The young Frank Sinatra poses in boxing gloves for a publicity shot. In April of the same year, Sinatra, whose reputation included the occasional public skirmish, allegedly felled New York columnist Lee Mortimer with one punch in retaliation for an insult the writer denied making.

After Louis suffered a stroke, Sinatra had the heavyweight legend flown in his private jet to Texas for the best treatment and rehabilitation money could buy. He told Joe’s wife, Martha, not to give the cost a second thought.

Then, when Louis died, Sinatra spoke at the funeral. “Joe’s biggest fight ended a few days ago,” lamented Sinatra. “And I don’t know how the refs voted yet, but I lay you 100 to 1 he gets a unanimous decision.”

With Joe gone, Sinatra’s passion for the fights remained, taking an interest in the wildly-popular heavyweight Gerry Cooney, who he did some publicity shots with before Cooney fought Larry Holmes, and Ray ‘Boom Boom’ Mancini. The Youngstown lightweight was big business in boxing and Sinatra wanted to see what the fuss was all about.

That the Chairman of the Board, as Sinatra was dubbed, took an interest in him blew a young and impressionable Mancini away. Mancini’s family were Italian immigrants, like Frank’s.

“I got to meet Mr Sinatra through mutual friends not long after I won the title and then when I defended my title in Vegas he said he was going to be there,” explained the former WBA champion. “I was training in Palm Springs and he said he was going to come and watch me train but then he couldn’t make it. So Jilly Rizzo, his right hand guy came, and Jilly told me ‘Mr Sinatra wanted to come but he couldn’t be here, he apologises but he’ll be at your fight in Vegas, he sends his love, his prayers and all that good stuff’. He didn’t have to apologise to me but he wanted to, so I was honoured.

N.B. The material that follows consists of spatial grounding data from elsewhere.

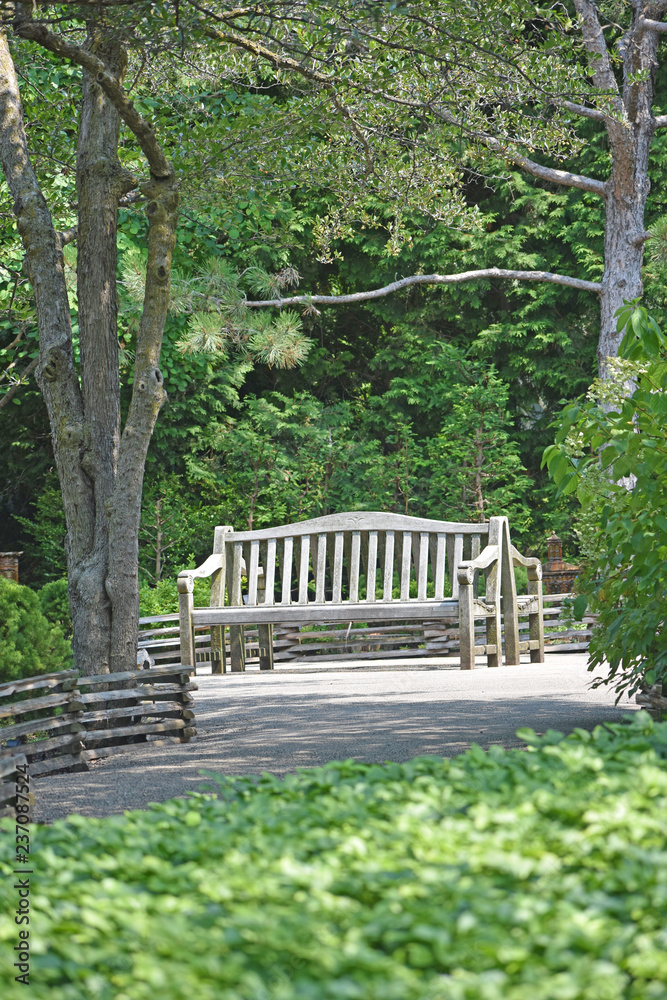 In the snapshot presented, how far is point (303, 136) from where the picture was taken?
21.9ft

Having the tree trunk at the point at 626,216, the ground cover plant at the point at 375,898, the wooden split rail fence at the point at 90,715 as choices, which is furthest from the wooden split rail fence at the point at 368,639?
the ground cover plant at the point at 375,898

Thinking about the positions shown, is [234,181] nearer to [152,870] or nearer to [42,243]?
[42,243]

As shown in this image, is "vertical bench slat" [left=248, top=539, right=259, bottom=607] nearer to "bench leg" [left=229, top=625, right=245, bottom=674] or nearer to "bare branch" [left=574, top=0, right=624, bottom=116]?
"bench leg" [left=229, top=625, right=245, bottom=674]

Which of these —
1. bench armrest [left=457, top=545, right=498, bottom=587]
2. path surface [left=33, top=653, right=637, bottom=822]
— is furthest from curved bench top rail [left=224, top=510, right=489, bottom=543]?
path surface [left=33, top=653, right=637, bottom=822]

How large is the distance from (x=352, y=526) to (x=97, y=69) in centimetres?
461

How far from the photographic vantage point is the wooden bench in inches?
289

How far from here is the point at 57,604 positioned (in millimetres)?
9398

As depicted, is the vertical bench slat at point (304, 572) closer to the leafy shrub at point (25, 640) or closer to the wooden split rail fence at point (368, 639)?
the wooden split rail fence at point (368, 639)

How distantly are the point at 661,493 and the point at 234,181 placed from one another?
431cm

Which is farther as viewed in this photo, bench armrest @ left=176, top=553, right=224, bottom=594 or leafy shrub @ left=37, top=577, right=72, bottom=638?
leafy shrub @ left=37, top=577, right=72, bottom=638

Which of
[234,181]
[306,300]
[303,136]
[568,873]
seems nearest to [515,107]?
[303,136]

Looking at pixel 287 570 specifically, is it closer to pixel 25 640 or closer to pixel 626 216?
pixel 25 640

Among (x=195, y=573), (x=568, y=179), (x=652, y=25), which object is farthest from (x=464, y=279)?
(x=195, y=573)

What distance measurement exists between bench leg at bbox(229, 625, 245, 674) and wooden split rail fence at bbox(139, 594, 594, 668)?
3.02 ft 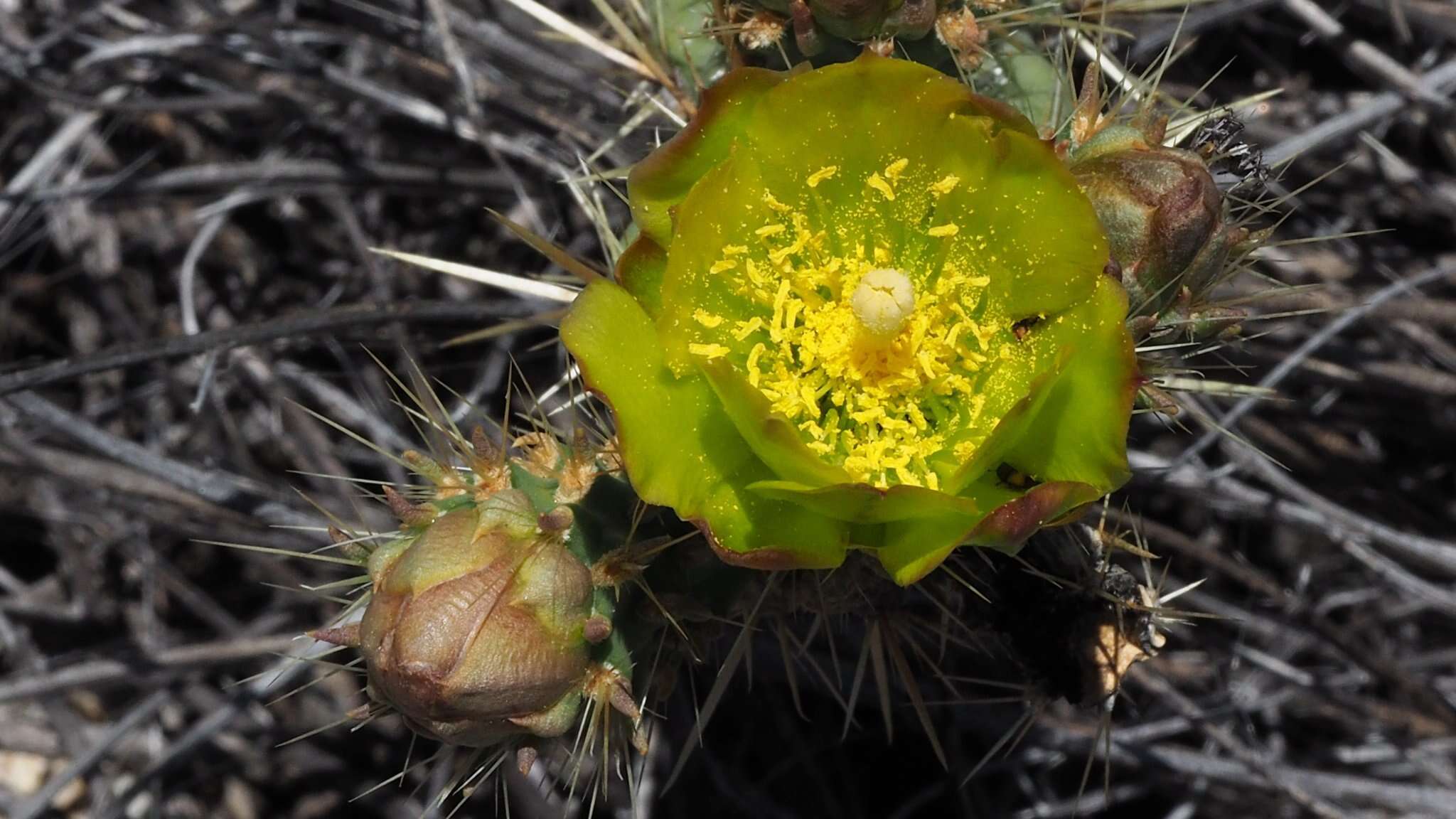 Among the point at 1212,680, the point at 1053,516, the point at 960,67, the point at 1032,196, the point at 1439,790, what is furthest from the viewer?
the point at 1212,680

Then, of course, I saw him a couple of days before the fight backstage when he was rehearsing for a show, we had a photo, he invited me to the show after the fight, which I went to, and it was a wonderful moment.”

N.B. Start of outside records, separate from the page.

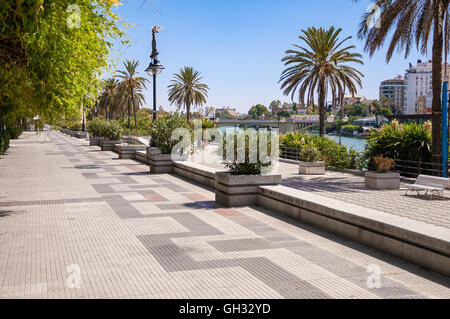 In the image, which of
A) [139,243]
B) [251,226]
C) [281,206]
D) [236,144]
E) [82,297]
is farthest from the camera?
[236,144]

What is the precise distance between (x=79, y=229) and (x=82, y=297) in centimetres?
364

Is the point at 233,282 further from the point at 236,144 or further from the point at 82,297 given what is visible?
the point at 236,144

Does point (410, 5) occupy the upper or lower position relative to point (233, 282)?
upper

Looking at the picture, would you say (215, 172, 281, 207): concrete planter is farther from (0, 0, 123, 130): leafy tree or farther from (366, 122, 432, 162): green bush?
(366, 122, 432, 162): green bush

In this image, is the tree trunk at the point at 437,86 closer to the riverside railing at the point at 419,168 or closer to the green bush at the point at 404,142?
the riverside railing at the point at 419,168

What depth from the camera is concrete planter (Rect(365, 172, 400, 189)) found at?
13.9 meters

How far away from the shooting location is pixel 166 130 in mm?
18281

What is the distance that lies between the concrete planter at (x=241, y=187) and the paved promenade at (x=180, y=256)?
0.42 meters

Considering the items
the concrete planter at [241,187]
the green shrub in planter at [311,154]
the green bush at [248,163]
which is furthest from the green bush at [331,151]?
the concrete planter at [241,187]

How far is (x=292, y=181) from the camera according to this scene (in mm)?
16109

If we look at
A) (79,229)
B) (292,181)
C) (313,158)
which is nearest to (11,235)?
(79,229)

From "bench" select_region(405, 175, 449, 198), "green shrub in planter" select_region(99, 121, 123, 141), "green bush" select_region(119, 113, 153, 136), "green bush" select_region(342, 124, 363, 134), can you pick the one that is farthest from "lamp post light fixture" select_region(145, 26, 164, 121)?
"green bush" select_region(342, 124, 363, 134)

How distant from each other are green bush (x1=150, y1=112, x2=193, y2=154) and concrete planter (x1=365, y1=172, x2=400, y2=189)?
7930mm

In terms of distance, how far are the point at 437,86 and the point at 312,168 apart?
18.7 feet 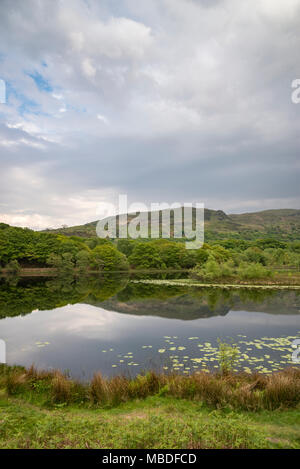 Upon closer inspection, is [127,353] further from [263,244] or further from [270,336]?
[263,244]

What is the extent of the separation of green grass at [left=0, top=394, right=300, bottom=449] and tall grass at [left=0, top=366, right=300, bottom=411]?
45cm

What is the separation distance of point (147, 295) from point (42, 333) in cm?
1602

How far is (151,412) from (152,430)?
158 centimetres

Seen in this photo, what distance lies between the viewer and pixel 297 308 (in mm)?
23500

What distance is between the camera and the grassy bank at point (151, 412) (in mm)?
5121

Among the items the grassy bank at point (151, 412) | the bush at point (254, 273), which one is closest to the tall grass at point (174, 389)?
the grassy bank at point (151, 412)

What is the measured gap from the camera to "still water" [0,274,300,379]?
38.4 feet

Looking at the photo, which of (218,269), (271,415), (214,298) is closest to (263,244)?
(218,269)

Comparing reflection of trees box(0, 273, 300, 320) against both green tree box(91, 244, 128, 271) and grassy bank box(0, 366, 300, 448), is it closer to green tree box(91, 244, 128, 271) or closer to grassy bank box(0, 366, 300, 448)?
grassy bank box(0, 366, 300, 448)

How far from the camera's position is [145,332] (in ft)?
54.7

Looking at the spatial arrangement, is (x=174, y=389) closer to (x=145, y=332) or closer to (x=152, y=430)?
(x=152, y=430)

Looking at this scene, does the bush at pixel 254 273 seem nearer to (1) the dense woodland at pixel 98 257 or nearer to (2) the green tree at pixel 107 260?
(1) the dense woodland at pixel 98 257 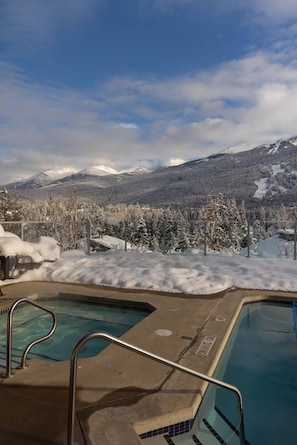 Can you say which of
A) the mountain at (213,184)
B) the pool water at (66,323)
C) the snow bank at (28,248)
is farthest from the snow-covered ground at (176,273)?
the mountain at (213,184)

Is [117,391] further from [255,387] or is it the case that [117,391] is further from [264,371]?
[264,371]

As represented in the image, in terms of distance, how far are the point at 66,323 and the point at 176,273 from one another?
220 centimetres

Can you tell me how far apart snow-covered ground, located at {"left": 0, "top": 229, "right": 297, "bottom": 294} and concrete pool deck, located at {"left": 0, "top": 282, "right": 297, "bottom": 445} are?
5.61 ft

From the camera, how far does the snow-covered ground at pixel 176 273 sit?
18.0 feet

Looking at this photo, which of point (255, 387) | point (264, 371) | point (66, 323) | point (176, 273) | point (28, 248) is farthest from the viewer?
point (176, 273)

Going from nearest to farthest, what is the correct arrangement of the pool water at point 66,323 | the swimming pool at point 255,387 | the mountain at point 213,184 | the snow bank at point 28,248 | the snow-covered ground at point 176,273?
1. the swimming pool at point 255,387
2. the pool water at point 66,323
3. the snow bank at point 28,248
4. the snow-covered ground at point 176,273
5. the mountain at point 213,184

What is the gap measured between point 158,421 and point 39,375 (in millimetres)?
1027

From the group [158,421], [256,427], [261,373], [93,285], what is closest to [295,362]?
[261,373]

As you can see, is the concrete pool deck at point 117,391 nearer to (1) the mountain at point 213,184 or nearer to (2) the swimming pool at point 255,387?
(2) the swimming pool at point 255,387

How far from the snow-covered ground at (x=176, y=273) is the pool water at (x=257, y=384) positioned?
75 centimetres

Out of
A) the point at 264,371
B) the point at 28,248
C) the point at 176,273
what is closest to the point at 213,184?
the point at 176,273

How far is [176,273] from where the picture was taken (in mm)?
6008

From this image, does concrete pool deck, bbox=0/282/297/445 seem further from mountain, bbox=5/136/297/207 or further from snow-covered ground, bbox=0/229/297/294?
mountain, bbox=5/136/297/207

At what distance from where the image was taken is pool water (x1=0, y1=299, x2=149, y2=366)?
3.79m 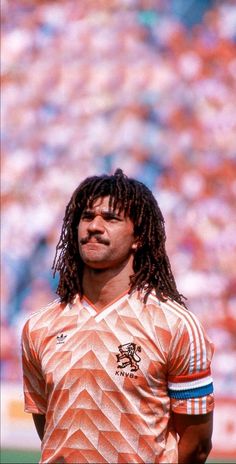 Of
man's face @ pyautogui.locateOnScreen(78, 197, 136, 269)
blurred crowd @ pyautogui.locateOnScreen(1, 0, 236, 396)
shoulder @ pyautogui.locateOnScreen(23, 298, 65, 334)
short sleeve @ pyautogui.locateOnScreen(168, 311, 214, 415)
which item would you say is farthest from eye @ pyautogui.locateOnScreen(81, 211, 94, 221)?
blurred crowd @ pyautogui.locateOnScreen(1, 0, 236, 396)

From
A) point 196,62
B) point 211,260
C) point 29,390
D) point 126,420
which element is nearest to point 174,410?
point 126,420

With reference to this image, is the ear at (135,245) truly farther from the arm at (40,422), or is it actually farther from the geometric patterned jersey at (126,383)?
the arm at (40,422)

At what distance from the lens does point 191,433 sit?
9.75 ft

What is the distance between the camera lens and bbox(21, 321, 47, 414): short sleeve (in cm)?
312

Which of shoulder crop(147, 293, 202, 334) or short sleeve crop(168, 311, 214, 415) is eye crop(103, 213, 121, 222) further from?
short sleeve crop(168, 311, 214, 415)

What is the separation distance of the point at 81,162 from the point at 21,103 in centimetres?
74

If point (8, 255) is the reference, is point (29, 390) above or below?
below

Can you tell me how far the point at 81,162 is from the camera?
820cm

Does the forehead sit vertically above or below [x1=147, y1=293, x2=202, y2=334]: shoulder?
above

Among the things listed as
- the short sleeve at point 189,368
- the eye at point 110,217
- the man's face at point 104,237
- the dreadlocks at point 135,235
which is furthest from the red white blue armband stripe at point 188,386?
the eye at point 110,217

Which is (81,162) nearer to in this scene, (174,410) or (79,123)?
(79,123)

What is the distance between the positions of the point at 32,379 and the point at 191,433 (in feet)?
1.76

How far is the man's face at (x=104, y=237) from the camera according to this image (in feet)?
9.88

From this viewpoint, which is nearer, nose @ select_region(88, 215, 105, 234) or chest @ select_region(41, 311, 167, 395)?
chest @ select_region(41, 311, 167, 395) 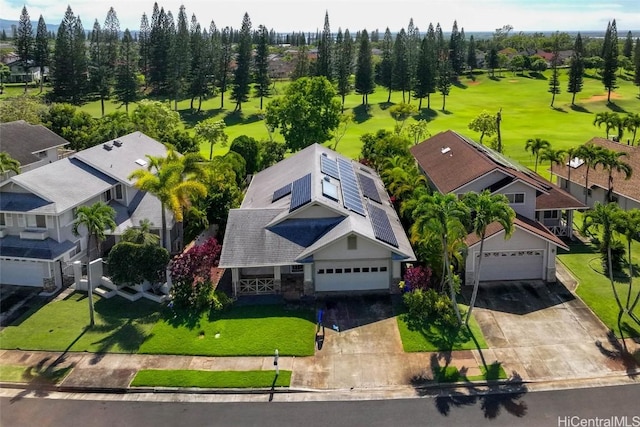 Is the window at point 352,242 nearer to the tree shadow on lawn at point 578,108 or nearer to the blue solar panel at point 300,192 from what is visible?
the blue solar panel at point 300,192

The fight Mancini was referring to had terrible consequences as his Korean opponent Deuk Koo Kim died from injuries sustained that night. “Mr Sinatra was great,” Mancini added. “He’d say to me, ‘Call me Frank’ but it was Mr Sinatra for me.”

After Mancini-Kim, Sinatra still couldn’t shake the boxing bug. Online, you can trace pictures of him hamming it up with dozens of boxing stars, including Esteban DeJesus and Vito Antufermo. He was ringside at the Marvin Hagler-Sugar Ray Leonard superfight in 1987.

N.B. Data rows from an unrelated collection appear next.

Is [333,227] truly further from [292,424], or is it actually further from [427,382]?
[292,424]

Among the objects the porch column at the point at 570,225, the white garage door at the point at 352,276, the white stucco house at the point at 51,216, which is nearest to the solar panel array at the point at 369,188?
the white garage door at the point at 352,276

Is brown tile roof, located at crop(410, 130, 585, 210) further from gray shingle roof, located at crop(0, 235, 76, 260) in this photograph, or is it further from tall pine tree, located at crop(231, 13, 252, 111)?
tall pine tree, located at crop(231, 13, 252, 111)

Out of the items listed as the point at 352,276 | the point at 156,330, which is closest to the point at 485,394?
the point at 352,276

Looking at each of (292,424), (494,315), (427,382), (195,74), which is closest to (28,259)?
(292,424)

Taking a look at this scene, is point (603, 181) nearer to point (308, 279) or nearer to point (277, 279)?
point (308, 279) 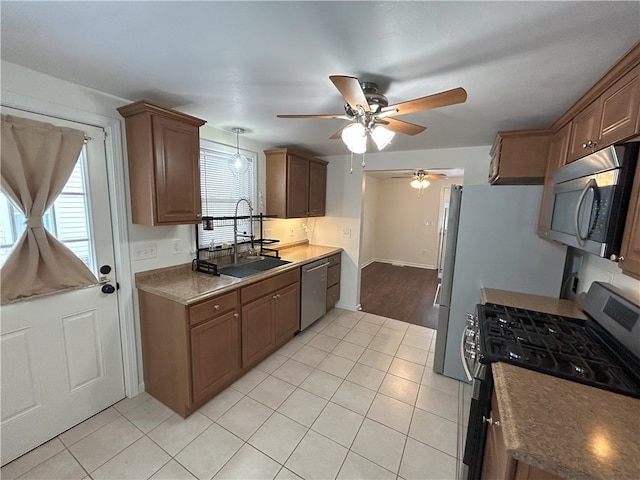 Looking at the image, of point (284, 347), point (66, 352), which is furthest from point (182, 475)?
point (284, 347)

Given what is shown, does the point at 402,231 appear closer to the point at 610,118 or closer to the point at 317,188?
the point at 317,188

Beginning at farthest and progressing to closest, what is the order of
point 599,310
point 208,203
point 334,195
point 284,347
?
1. point 334,195
2. point 284,347
3. point 208,203
4. point 599,310

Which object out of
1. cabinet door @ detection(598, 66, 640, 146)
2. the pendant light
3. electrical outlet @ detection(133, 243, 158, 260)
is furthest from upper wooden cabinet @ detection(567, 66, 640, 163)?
electrical outlet @ detection(133, 243, 158, 260)

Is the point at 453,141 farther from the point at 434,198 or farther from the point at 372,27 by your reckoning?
the point at 434,198

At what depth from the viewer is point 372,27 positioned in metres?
1.08

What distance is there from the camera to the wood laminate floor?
3893mm

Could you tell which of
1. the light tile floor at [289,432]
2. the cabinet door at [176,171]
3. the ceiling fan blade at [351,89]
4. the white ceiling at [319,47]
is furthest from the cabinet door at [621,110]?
the cabinet door at [176,171]

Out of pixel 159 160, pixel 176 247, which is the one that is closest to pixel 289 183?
pixel 176 247

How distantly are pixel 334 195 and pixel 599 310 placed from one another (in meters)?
3.05

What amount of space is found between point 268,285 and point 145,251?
3.46 feet

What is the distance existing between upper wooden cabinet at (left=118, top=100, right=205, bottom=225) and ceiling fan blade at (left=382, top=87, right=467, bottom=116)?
1494mm

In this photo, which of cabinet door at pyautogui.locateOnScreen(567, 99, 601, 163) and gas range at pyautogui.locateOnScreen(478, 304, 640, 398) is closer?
gas range at pyautogui.locateOnScreen(478, 304, 640, 398)

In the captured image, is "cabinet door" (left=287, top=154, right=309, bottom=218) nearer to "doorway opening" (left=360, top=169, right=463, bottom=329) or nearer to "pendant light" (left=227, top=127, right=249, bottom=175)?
"pendant light" (left=227, top=127, right=249, bottom=175)

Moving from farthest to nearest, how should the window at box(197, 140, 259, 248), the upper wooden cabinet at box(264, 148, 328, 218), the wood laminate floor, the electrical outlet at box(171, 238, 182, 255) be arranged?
the wood laminate floor < the upper wooden cabinet at box(264, 148, 328, 218) < the window at box(197, 140, 259, 248) < the electrical outlet at box(171, 238, 182, 255) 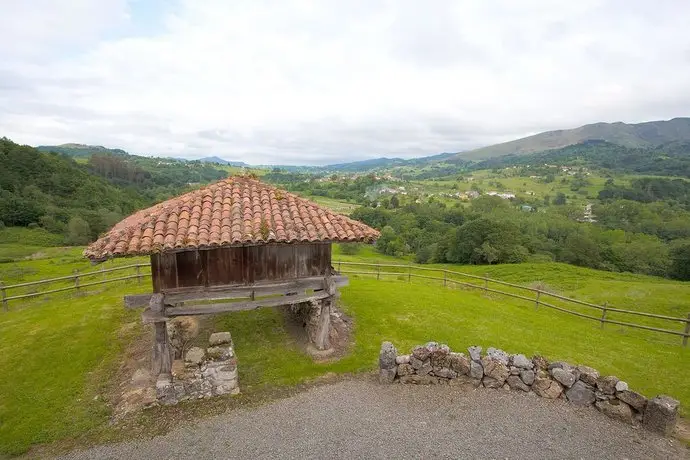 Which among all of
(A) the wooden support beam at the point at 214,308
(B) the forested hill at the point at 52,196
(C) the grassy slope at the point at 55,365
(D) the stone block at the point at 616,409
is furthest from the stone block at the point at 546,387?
(B) the forested hill at the point at 52,196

It was said that Donald Trump, then helping promote the huge Mike Tyson-Michael Spinks bout in Atlantic City, was arranging the ring to be lower than it usually is so Sinatra wouldn’t have to crane his neck to watch. Frank didn’t even go. But he had been there a couple of fights earlier when Tyson blew away Larry Holmes.

By 1990, however, Sinatra’s health was beginning to falter. He toured in the UK and, recalling a show at Ibrox Stadium, his son Frank Jnr said, “His vision wasn’t what it had been. His hearing wasn’t. His memory wasn’t and he was struggling.”

Sinatra died in 1998.

It had been a goal to make it the millennium but his story was over, and so was his life in boxing.